By July 1997, evidence of heart-valve problems was growing. A Mayo Clinic study on the subject, set for publication late in August, was instead released by Mayo at a July 8 news briefing.

American Home heard about the plan for an accelerated release. In an internal memo dated July 1 and headed "URGENT URGENT URGENT URGENT," marketing employee Gerald V. Burr warned officials that the Mayo report might leak before the news conference and provided a "standby statement" for responding to inquiries.

"Well, does it say anywhere under the four urgents here that there's one iota of concern for the people who have the heart-valve problems?" Kip Petroff, an attorney for Ms. Lovett in Texas, asked Carrie Smith-Cox, formerly vice president for women's health at Wyeth-Ayerst, during a video deposition played during the trial.

"This memo does not refer to that," Ms. Smith-Cox replied. "However, that would also not have been within the responsibilities of the people charged with writing the standby statement to look at the overall plan." American Home says Mr. Burr's memo was "simply a heads-up" to prepare for questions from the media.
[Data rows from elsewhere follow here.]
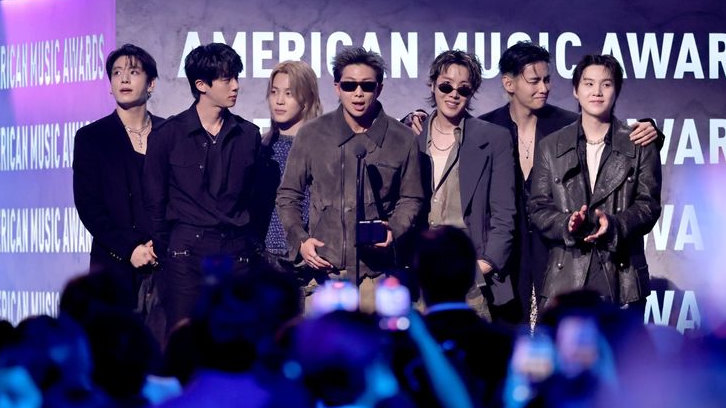 Borong Tiga Piala AMAs 2026, BTS Artis Asia Pertama dan Satu-satunya Raih Dua Kali Penghargaan 'Artist of The Year',  Cek Daftar Lengkap Pemenang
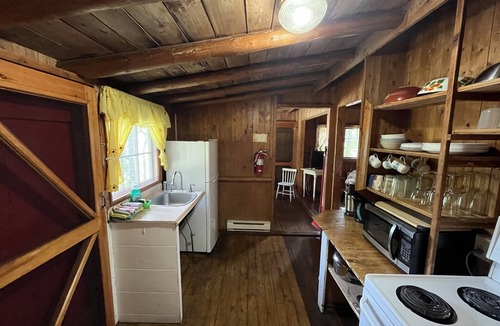 Hubbards Cabin | Beach Cottage - Silver Birches - Hubbards Beach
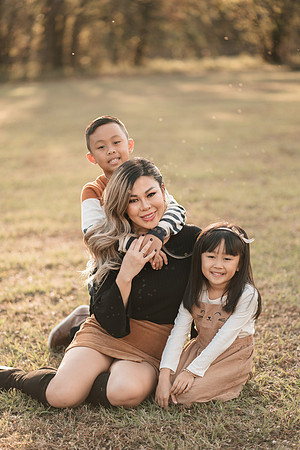 11026 - Tiffany + Mike Family Session 2020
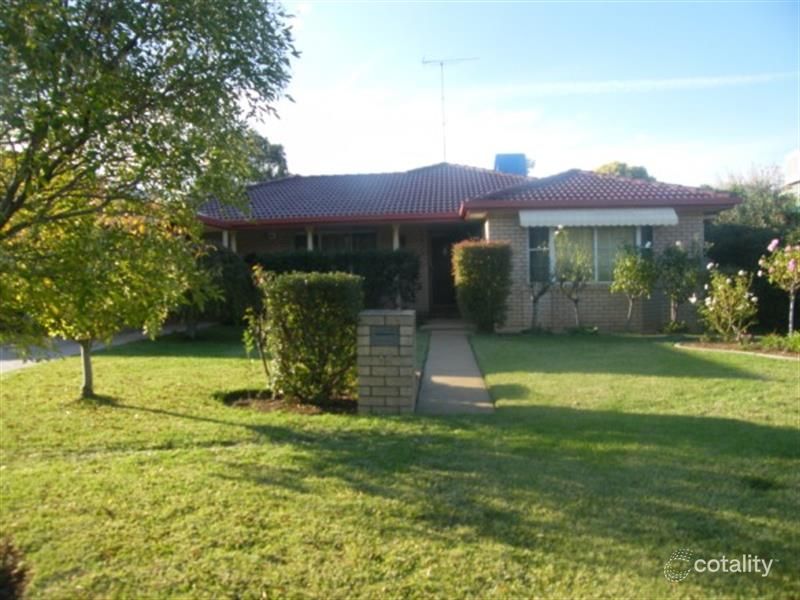 15 Wyndham Ave, Forbes, NSW 2871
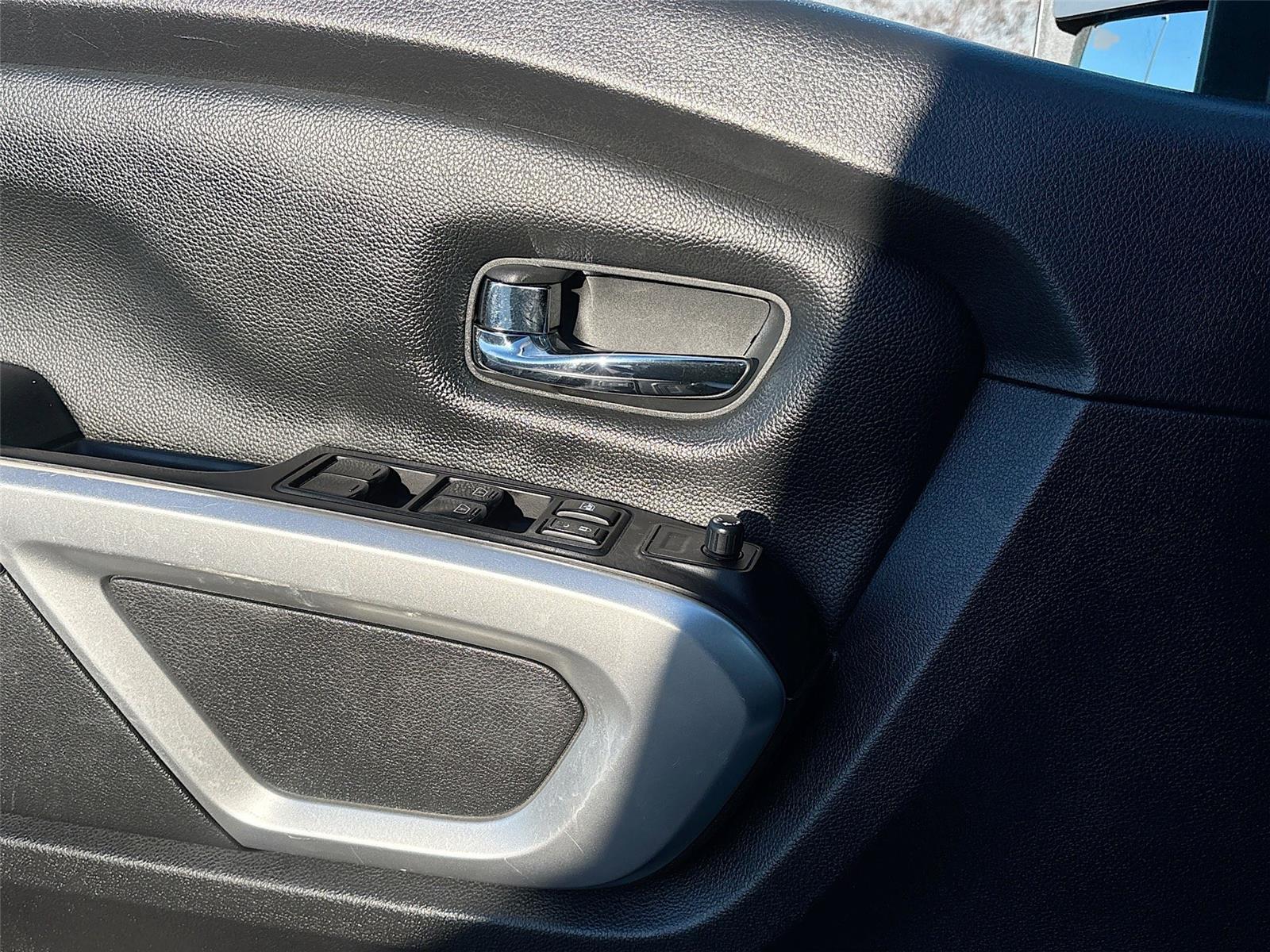 2017 Nissan Titan XD SV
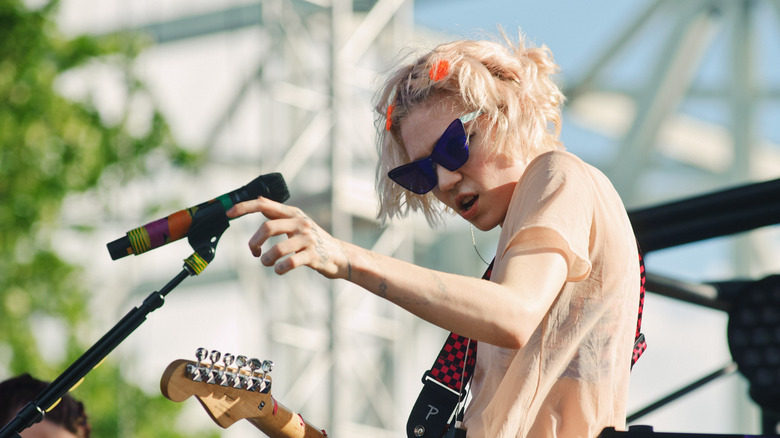 Grimes sur scène en 2016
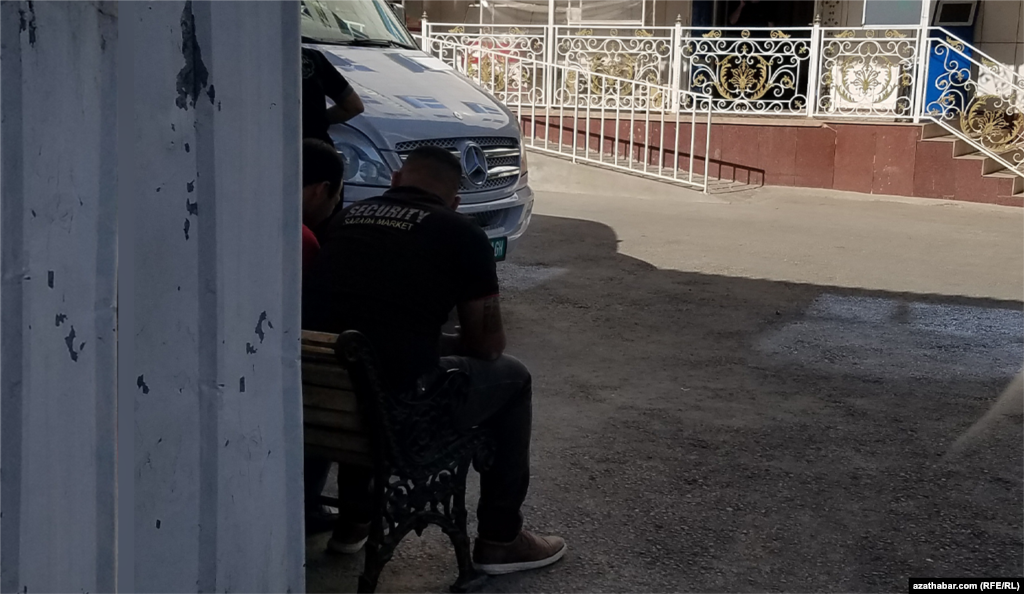 Aşgabat. Andalyp köçesiniň ugrundaky dükanyň esasy girelgesi ýapyk.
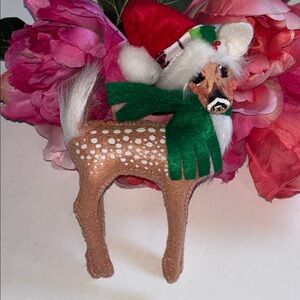 Annalee Spotted Reindeer 2019 Green Scarf Festive Reindeer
Meanwhile, although Redux had been approved without a black-box warning, documents and testimony from a former FDA official show that the idea of a black-box warning for the newly discovered heart-valve problem was under discussion at the agency in July 1997. American Home initially argued against it, and in succeeding weeks, relations with the agency grew tense. In a Sept. 5 internal FDA memo introduced at the Texas trial, FDA scientist David J. Graham wrote that he and colleague Lanh Green had "have become concerned about the diligence of Wyeth-Ayerst in pursuing leads and obtaining and reporting full clinical details of cases to FDA."

American Home says it never heard such criticism from the FDA. It also says the scientific evidence at the time didn't warrant a black-box warning because the heart-valve incidents were "anecdotal case reports" that needed evaluation.

About a week later, according to testimony, the FDA asked American Home officials to come to agency headquarters. At the meeting, the FDA says, it asked the officials to recall the drugs. American Home says that it would have withdrawn the drugs from the market even if the FDA hadn't asked it to.

-- Richard B. Schmitt contributed to this artcle.